Question

In a class of 120 students, everybody would take two hamburgers if the price were zero, and no one would buy hamburgers if the price were $4 or more. assume that the class's demand curve for hamburgers is linear, and give a formula (a) (3 pts) describing quantity as a function of price (b) (3 pts) describing price as a function of quantity (c) (3 pts) total revenue is a function of quantity and can be computed by r = price ×quantity. find the total revenue function corresponding to the demand curve, and conclude that it is quadratic. (d) (3 pts) at what value does its maximum or minimum occur? (use the technique of completing the square.)

Answer 1

Let p be the price and q be the quantity of hamburgers.

a)When price is 0, every one takes 2 hamburgers so, q=120*2 = 240

When p=4, q =0

Hence slope of demand line =$\frac{240-0}{0-4} = \frac{236}{-4} = -60$

Then the demand equation is q=-60p+b ( assume p on x-axis and q on y-axis like y=mx+b)
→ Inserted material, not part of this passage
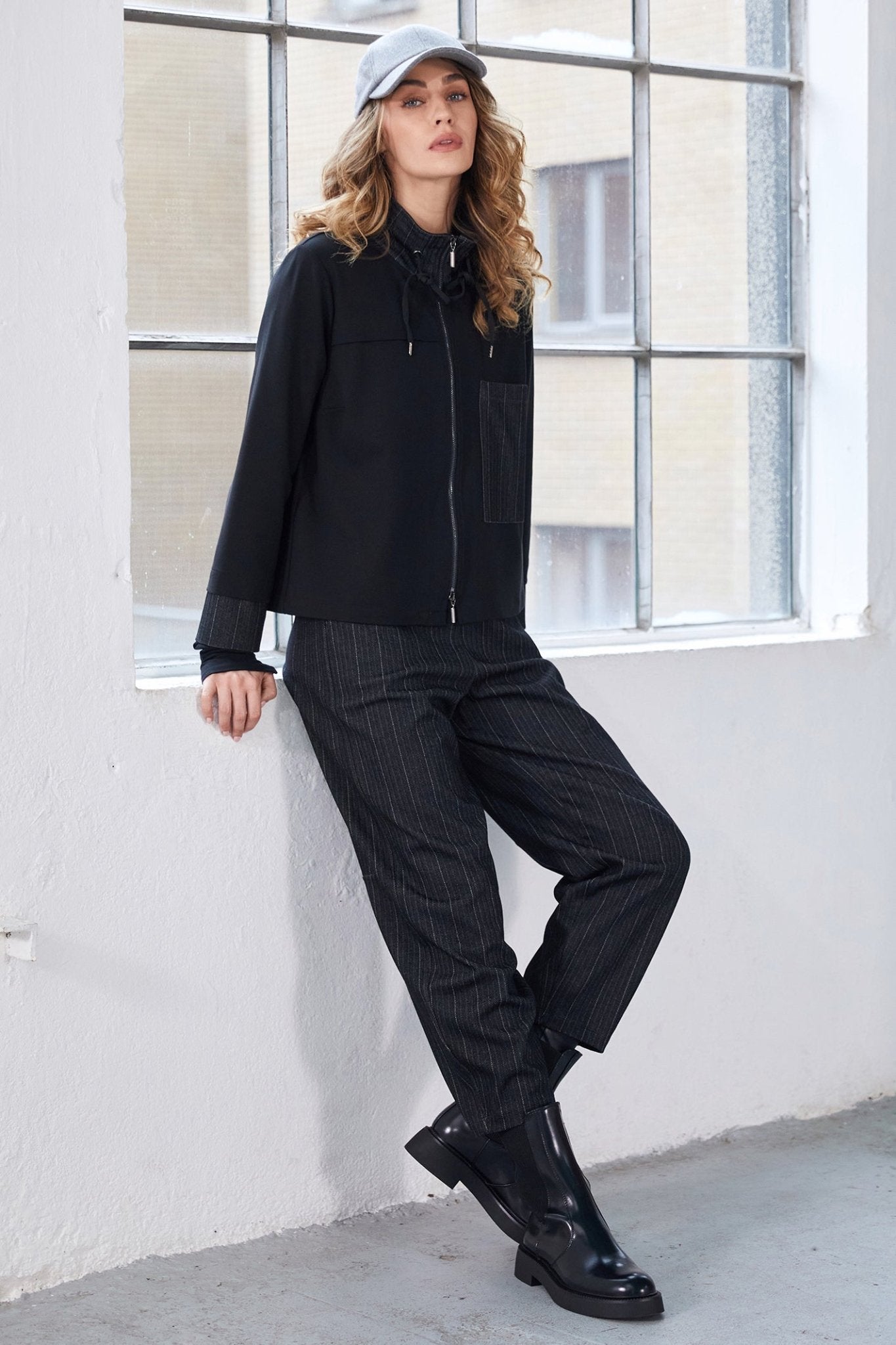 Person wearing a black jacket, pants, and shoes leaning against a white wall with large windows.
To find b, we plugin the point (240,0)

    240 = m*0+b

  b= 240

Hence demand equation is q=240-60p.

b) To find p in terms of q,we will solve for p from demand equation.

q-240 = -60p

$\frac{q-240}{-60} = p$

$p=\frac{q}{-60} -\frac{240}{-60}$

$p=4-\frac{q}{60}$

c) Revenue = price * quantity

                   = $p*(240-60p) = 240p-60p^{2}$

Hence it is quadratic equation.

d) $R=-60*(p^{2} -4p)$

             = $-60(p^{2}-4p+4-4)$

             = $-60((p-2)^{2} -4)$

             = $-60(p-2)^{2}+240$

The above equation is a inverted u-shape parabola.

Hence maximum revenue occurs at vertex that is at p=2.